For tasks where the answer is best computed, not narrated.

dspy.ProgramOfThought(signature, max_iters=3, interpreter=None) Holds three internal ChainOfThought predictors: code_generate produces Python, code_regenerate rewrites it after an execution error, and generate_output extracts the declared output fields from the run’s printed result. The forward loop asks code_generate for code, runs it through the PythonInterpreter, and on error feeds the error message back to code_regenerate for up to max_iters rounds. Once execution succeeds, generate_output produces the signature’s output fields. If max_iters is exhausted, the module raises.

dspy.CodeAct(signature, tools, max_iters=5, interpreter=None) Multiple inheritance from ReAct and ProgramOfThought. Tools must be plain def functions, not callable objects — the module reads inspect.getsource(tool.func) and injects each definition into the sandbox at the start of every forward. Each iteration: an inner codeact predictor produces Python plus a finished boolean; the interpreter runs the code; the trajectory dict gains a generated_code_i and code_output_i (or observation_i on parse/execution error). The loop exits when the LM sets finished=True or max_iters is reached. A ChainOfThought extractor then reads the trajectory and produces the declared outputs.

dspy.RLM(signature, max_iterations=20, max_llm_calls=50, max_output_chars=10_000, verbose=False, tools=None, sub_lm=None, interpreter=None) Experimental. A REPL-style code agent that exposes two built-in tools — llm_query and llm_query_batched — so generated code can call a separate sub_lm mid-execution. A shared counter across iterations enforces max_llm_calls; tool names are validated as Python identifiers; SandboxSerializable inputs encode into the sandbox so large contexts don’t have to be re-marshalled each turn. If the loop ends without an explicit submission, the extractor pass produces the final outputs from the trajectory.

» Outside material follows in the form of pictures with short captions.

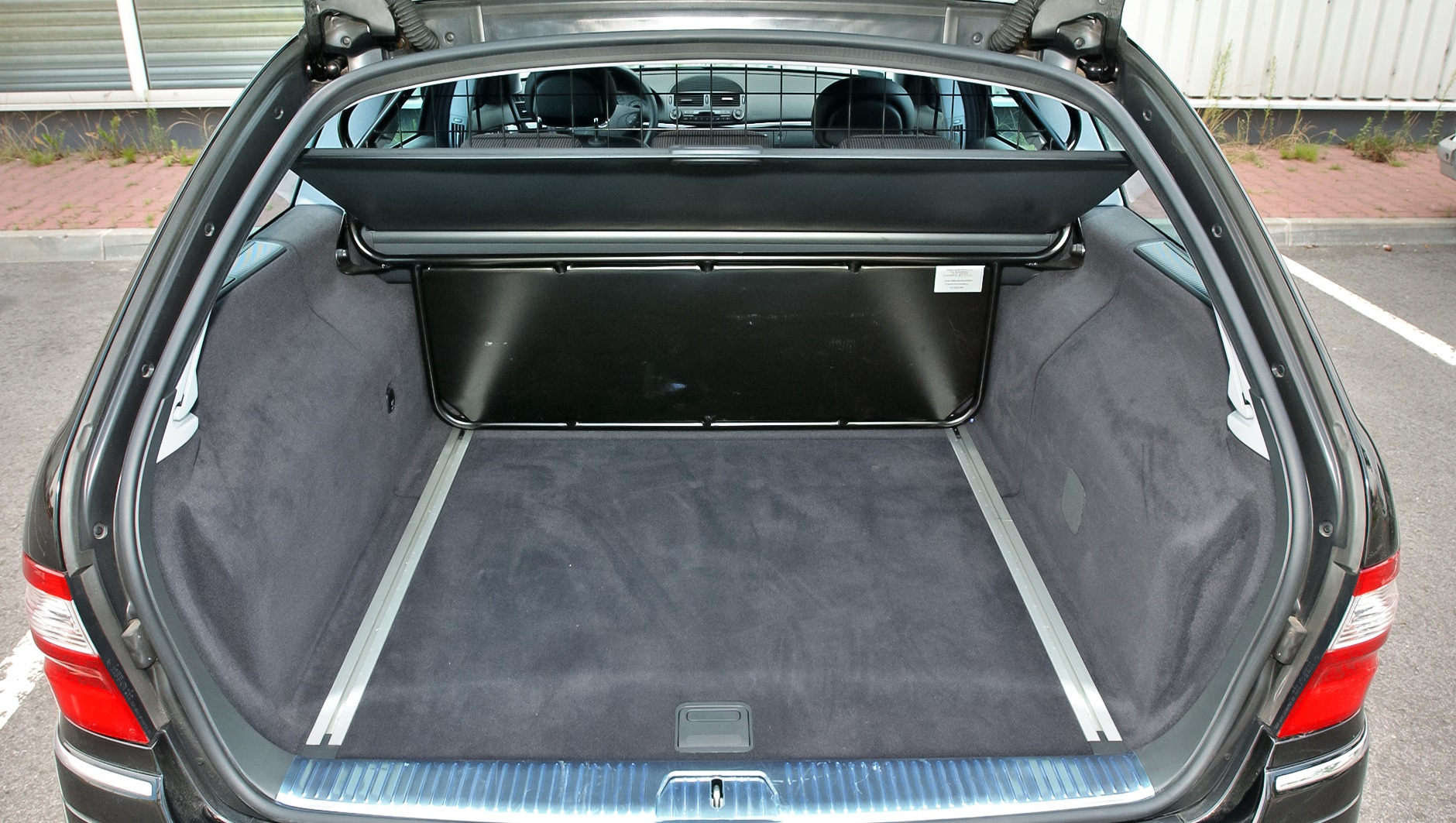 mercedes e w211 bagaznik luksusowe uzywane kombi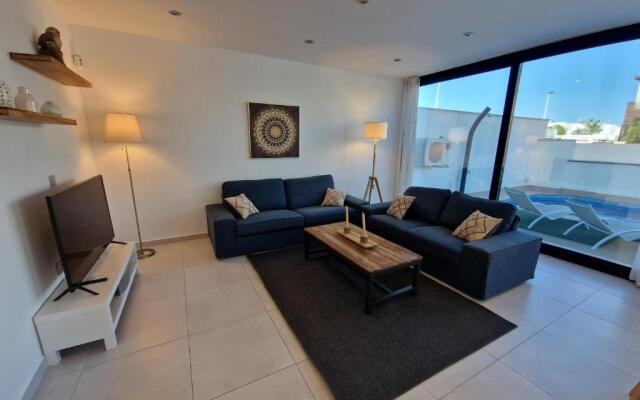 Lo Pagan Holiday House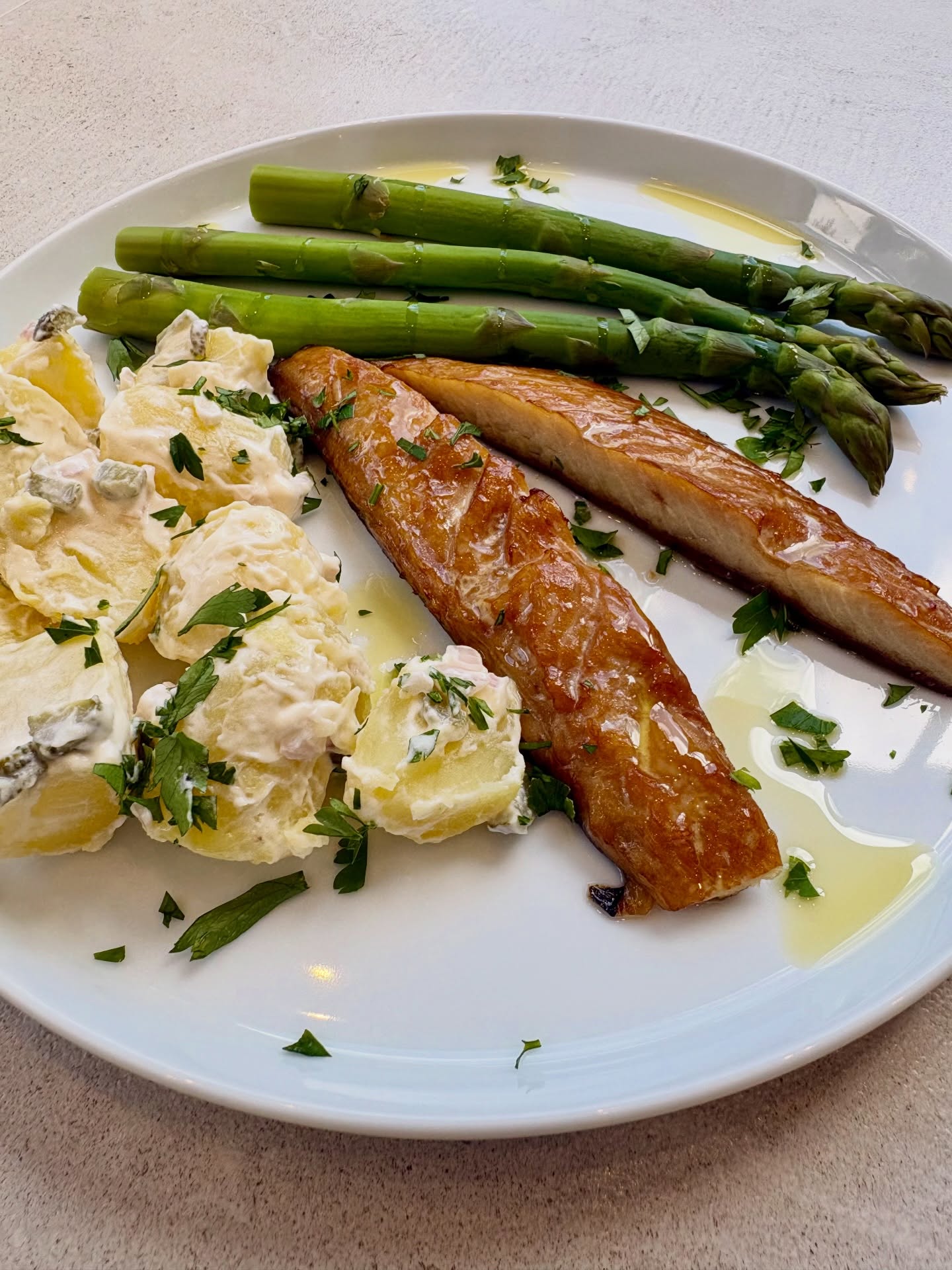 Served these delicious Tesco Finest sweet cure mackerel fillets with a homemade potato salad and some more @britishasparagus - because you’ve got to make the most of it when it’s in season! For the potato salad, I steamed some new potatoes, then once cooled, peeled them and added finely chopped shallots, cornichons and parsley. Simple dressing of extra virgin olive oil mayo lightened with apple cider vinegar. Now I need to buy some more asparagus!
Potato salad recipe on my website.
#asparagus #potatosalad #mackerel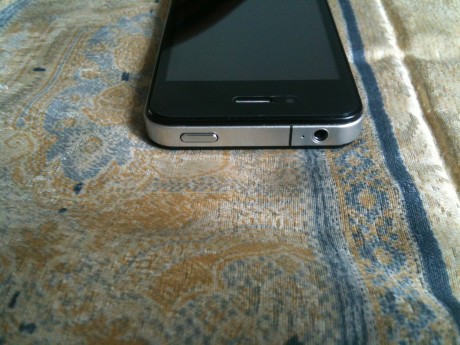 Vendo una réplica de alta calidad del iPhone 4.

Es libre de fábrica, válida para cualquier compañía.

Tiene 10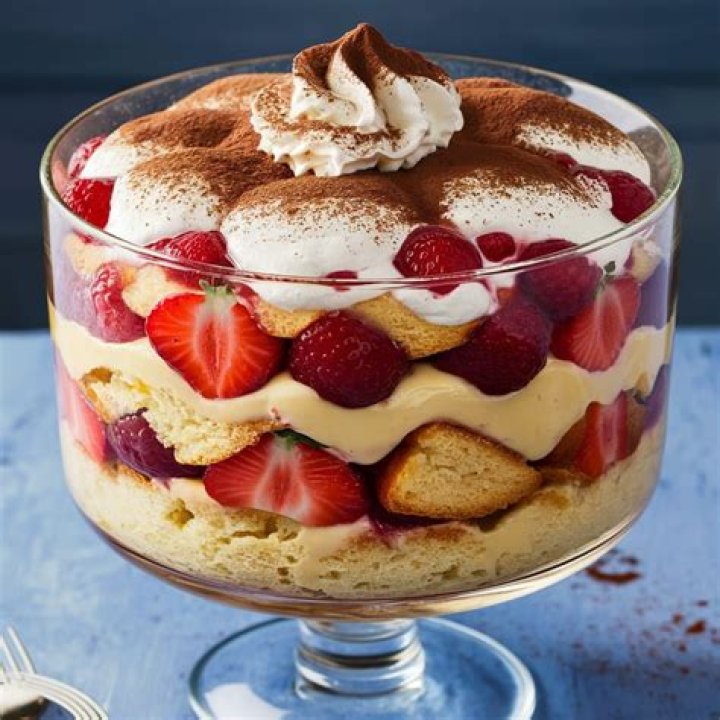 What are the layers in a trifle?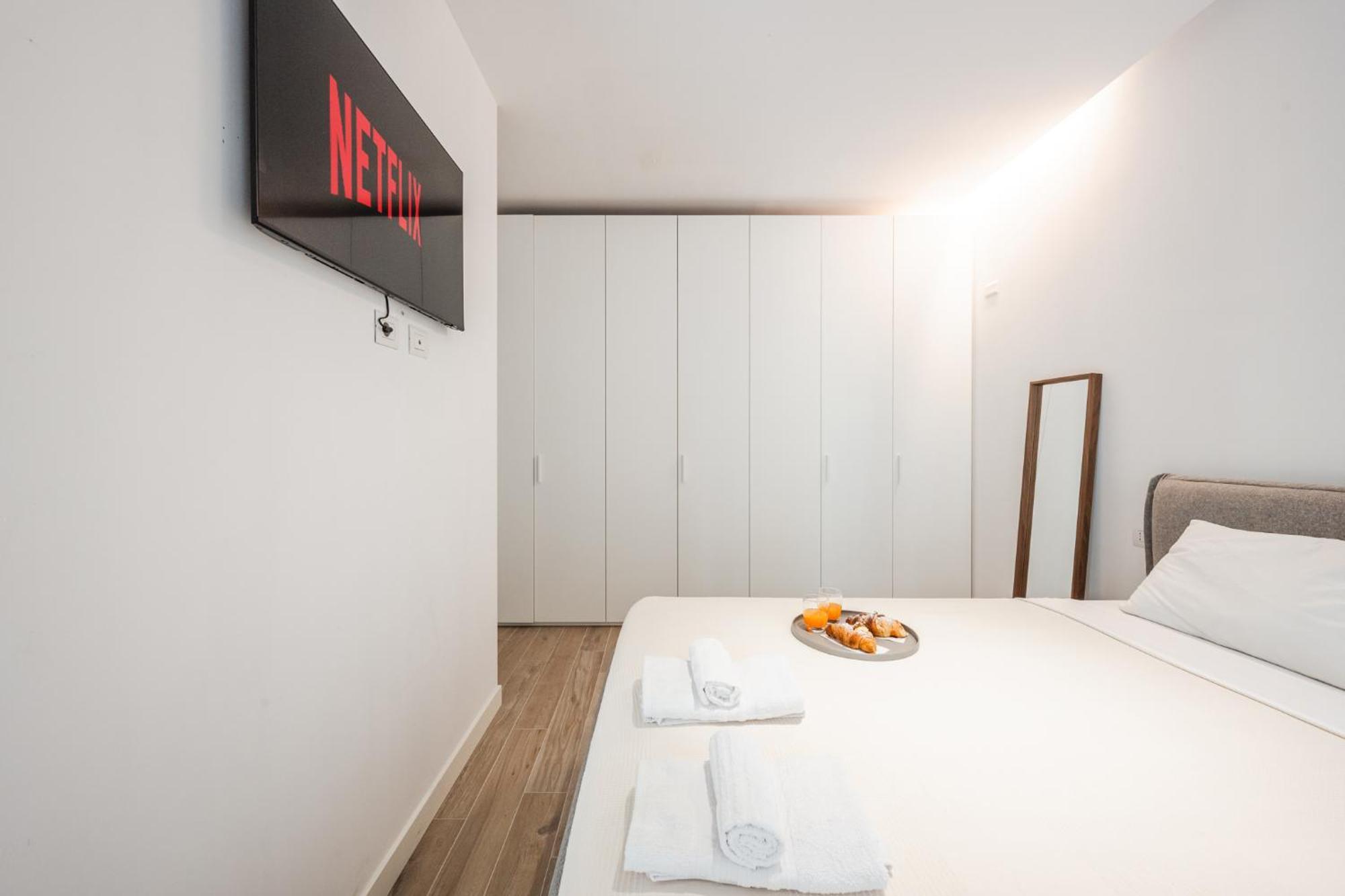 Moderno Con Terrazza & Palestra * Milano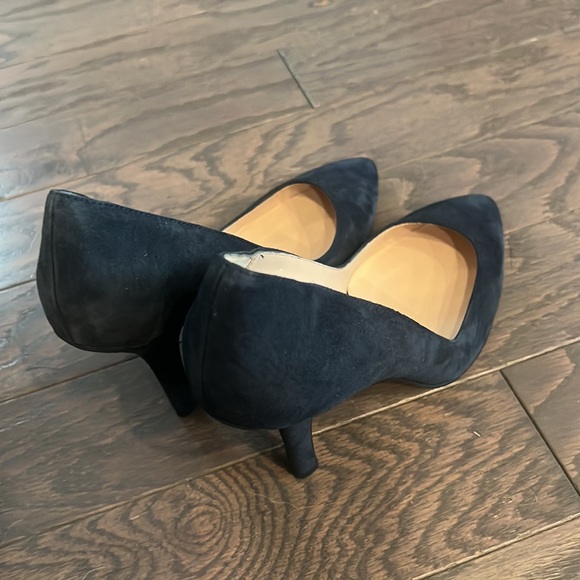 Neiman Marcus pumps - Picture 3 of 5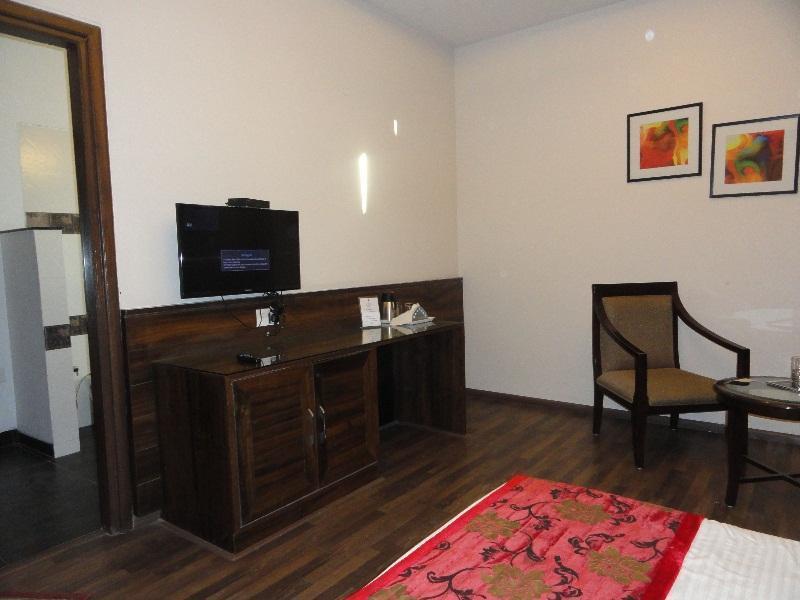 Silver Sands Hotell Chandīgarh Eksteriør bilde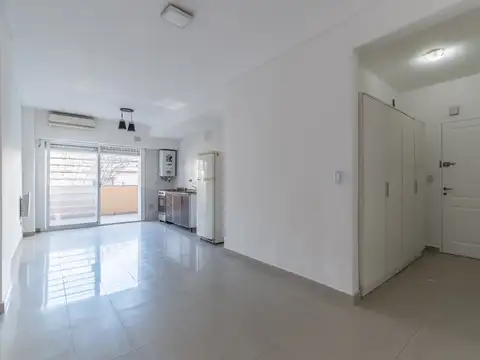 Departamento de 2 Ambientes al Frente con Balcón. Floresta.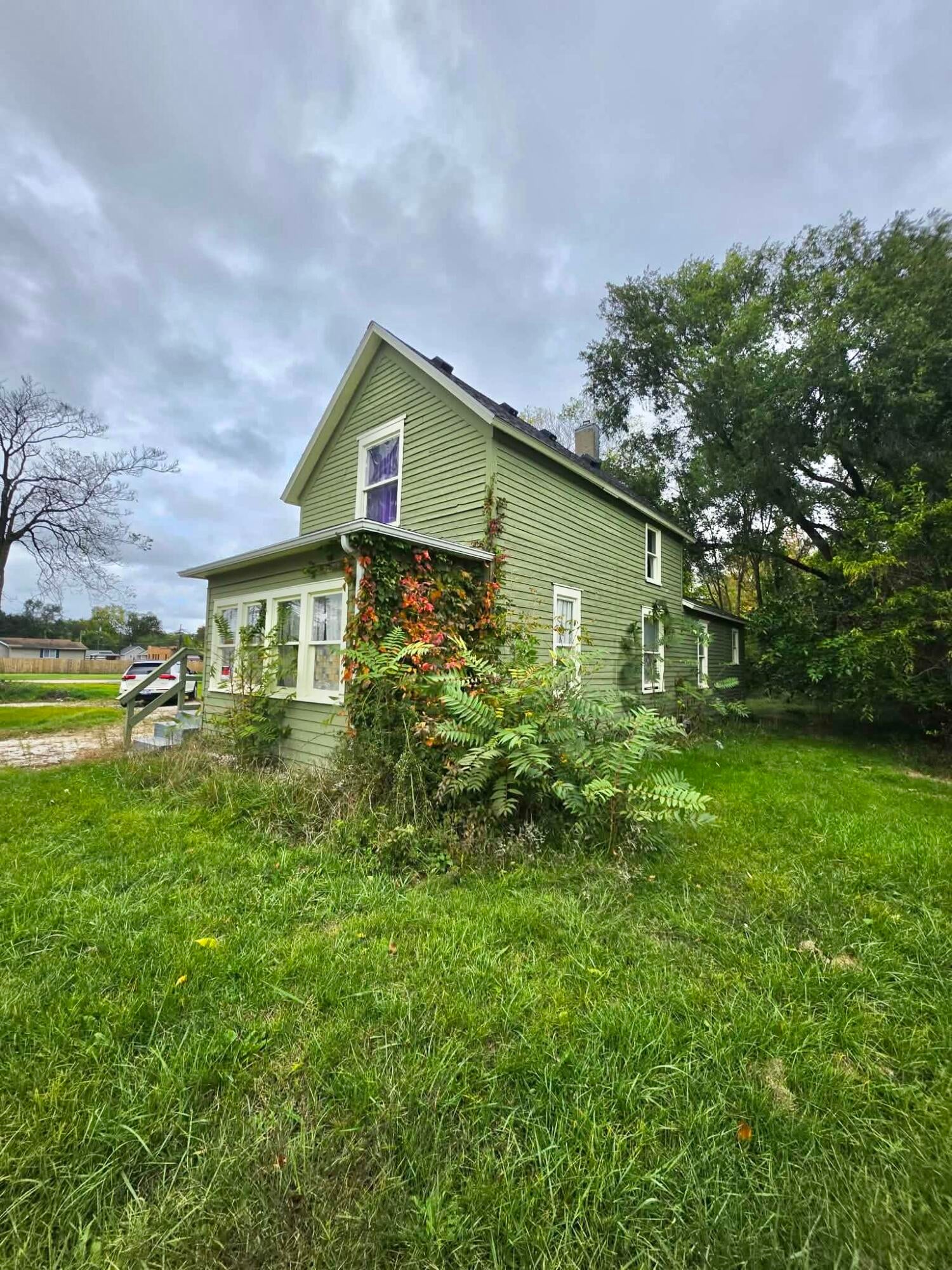 1069 E Main Street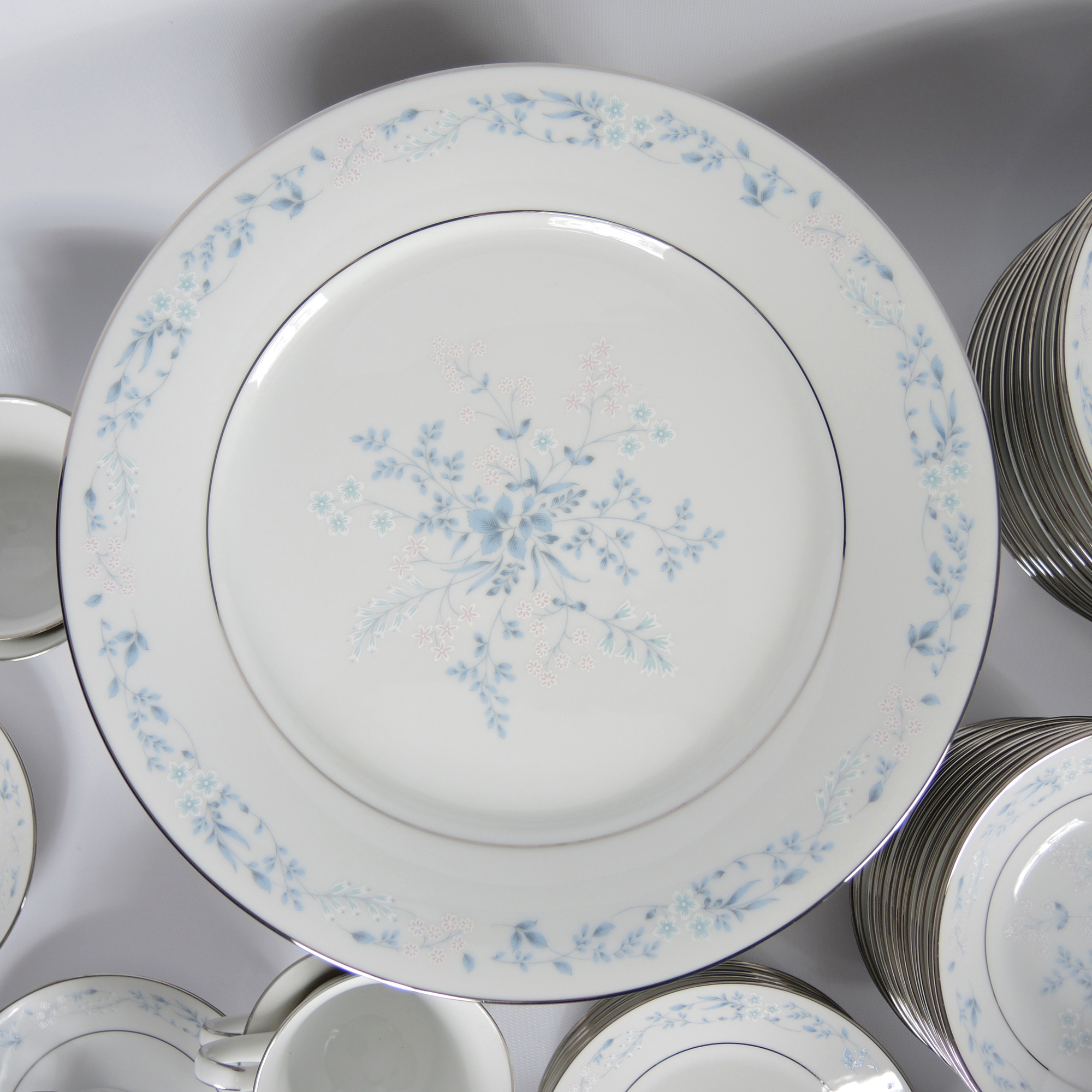 Noritake "Carolyn" Fine China 129 Piece Dinner Service Set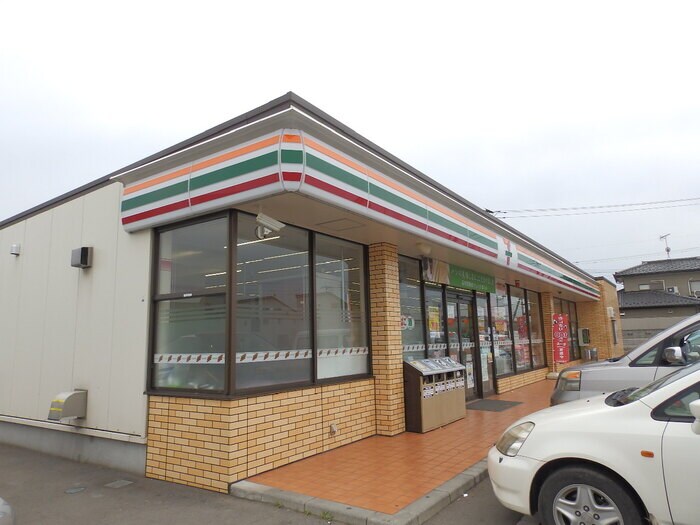 物件外観写真5　(セブンイレブン)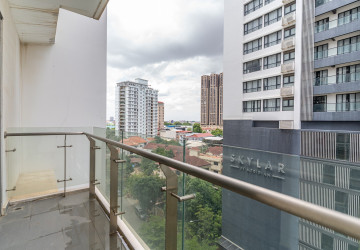 2 Bedroom Condo  For Rent in Embassy Residences, Tonle Bassac - Phnom Penh thumbnail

Running modules in parallel

dspy.Parallel(num_threads=None, max_errors=None, access_examples=True, return_failed_examples=False, provide_traceback=None, disable_progress_bar=False, timeout=120, straggler_limit=3) Wraps ParallelExecutor and submits each (module, example) pair to a thread pool. The example can be a dspy.Example (unpacked via .inputs() when access_examples=True), a dict (unpacked as kwargs), a tuple (unpacked positionally), or a list (passed through when the module is itself a Parallel). The executor snapshots the parent’s thread_local_overrides and re-applies it inside each worker, so a surrounding dspy.context(...) is honored. Returns predictions in input order; with return_failed_examples=True, returns a (results, failed_examples, exceptions) tuple.

dspy.KNN is a retrieval helper, not a generation module — see the Retrievers reference page.

dspy.ReAct is the canonical tool-using loop and has its own page: Tools, ReAct, and MCP. The wrapping machinery there is what CodeAct and RLM reuse.